En ese sentido, nadie mejor que Tom Hanks para interpretar al héroe. El pacto de credibilidad se cumple por completo al recordar Salvando al soldado Ryan (Steven Spielberg, 1998) y, por supuesto, Apolo 13 (Ron Howard, 1995).
Es Hanks quien le da alas a esta cinta y la lleva a buen puerto.
Sully es un filme patriótico y condescendiente. A sus 86 años, Clint Eastwood se esmera en confeccionar al único villano posible, la Junta Nacional de Seguridad en el Transporte, oficina que, en medio de la fiesta popular que supuso el acto heróico de Sulenberger, inicia una investigación para demostrar que el piloto pudo haber llegado al Aeropuerto de La Guardia, o a otra pista alternativa, sin perder la aeronave.
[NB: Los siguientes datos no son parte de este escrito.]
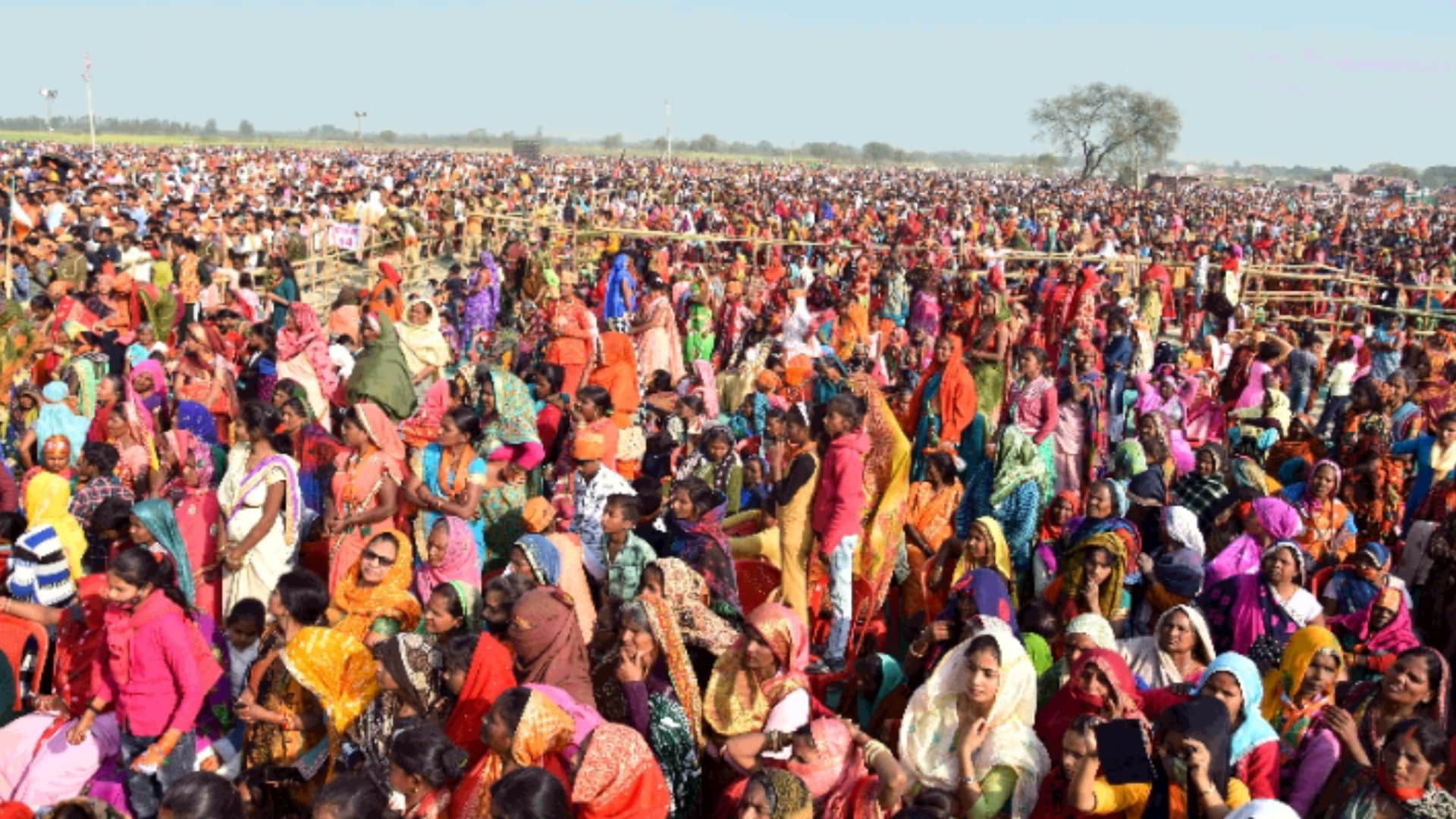 UP Election 2022 PM modi in Unnao rally touches feet of district president of BJP know the reason video goes viral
El juicio es la parte más débil. Al igual que en Filadelfia (Jonathan Demme, 1993), aquí Chelsey Sulenberger parece enfrentar a fiscales implacables. Sin embargo, en un abrir y cerrar de ojos, cambian su actitud en un giro que supone para Eastwood la oportunidad para demostrar que las instituciones norteamericanas funcionan porque, sobre todas las cosas, éstas creen en la verdad y la justicia.
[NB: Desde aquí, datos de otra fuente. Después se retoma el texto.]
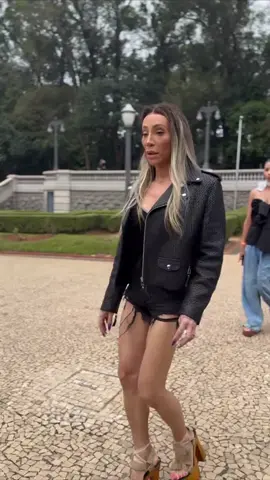 Maya Massafera cai do salto #maya #viral #cair #fyp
Sully es una película arrogante y distinguida. Las secuencias de suspenso, el montaje del avión con soberbios efectos especiales y las escenas del amarizaje son ejecutadas con precisión. A pesar de que Eastwood toca la impronta de las viejas películas de desastre, siempre regresa a Sulenberger, a su humana condición puesta a prueba tras un hecho extraordinario.
Es por eso que durante el rescate, cuando llegan los ferrys por todos los sobrevivientes, cuando los helicópteros de la Cruz Roja y de la ciudad de Nueva York aparecen, Eastwood presenta una insólita, pero eficiente, música de jazz. El mensaje es claro: la metrópoli funciona con la perfección de una melodía elegante, dulce, con estilo.
Pero Sully va más allá. La suma de todas las partes de esta cinta queda expuesta en la declaración del Capitán Chelsey “Sully” Sulenberger: “We did this together. We were a team. We did our job. It was all of us. We did it. We all survived.”
Y he ahí la razón por la que Sully es una película de orgullo y gratitud; arrogante y distinguida; patriótica y condescendiente. Pretende hacernos creer que el milagro en el Hudson era prácticamente inevitable debido a la grandeza y la superioridad de la civilización norteamericana.
Y eso nos hace sentir aún más pena por los caídos en Colombia. Porque siempre serán inoportunos comentarios de esa naturaleza en medio de un funeral.